== GIVEN MATERIAL ==

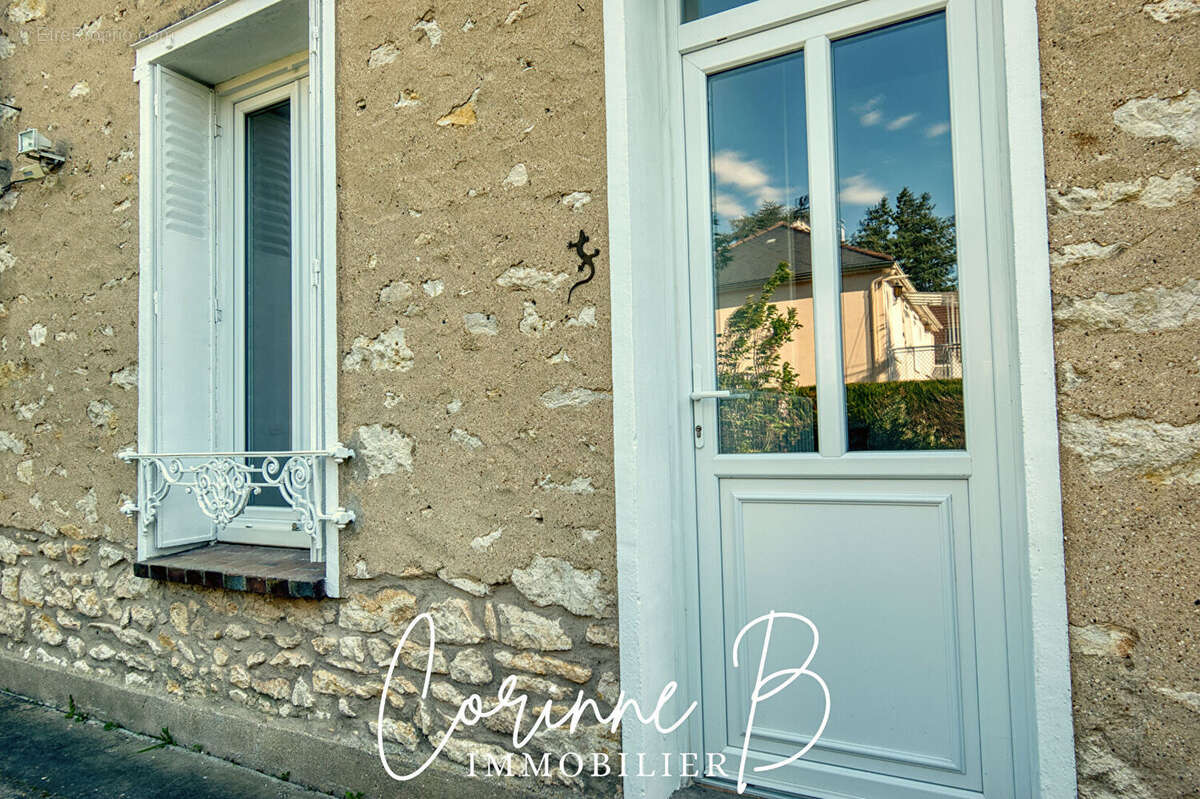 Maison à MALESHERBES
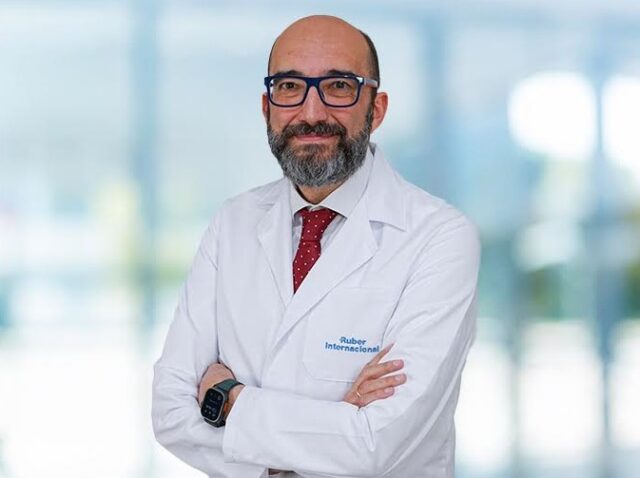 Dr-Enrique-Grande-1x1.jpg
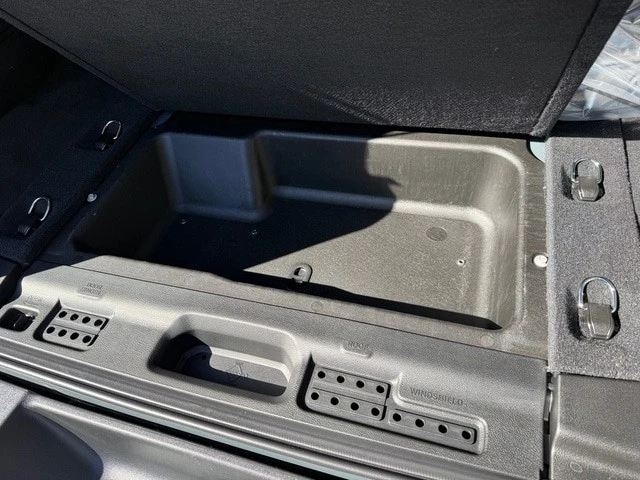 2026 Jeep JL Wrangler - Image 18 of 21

===

Please write out exactly the lines from the one holding "Dr-Enrique-Grande-1x1.jpg" through the last line of the material above, both included, as a copy without pictures.

RESULT OF THE TASK —
 Dr-Enrique-Grande-1x1.jpg
 2026 Jeep JL Wrangler - Image 18 of 21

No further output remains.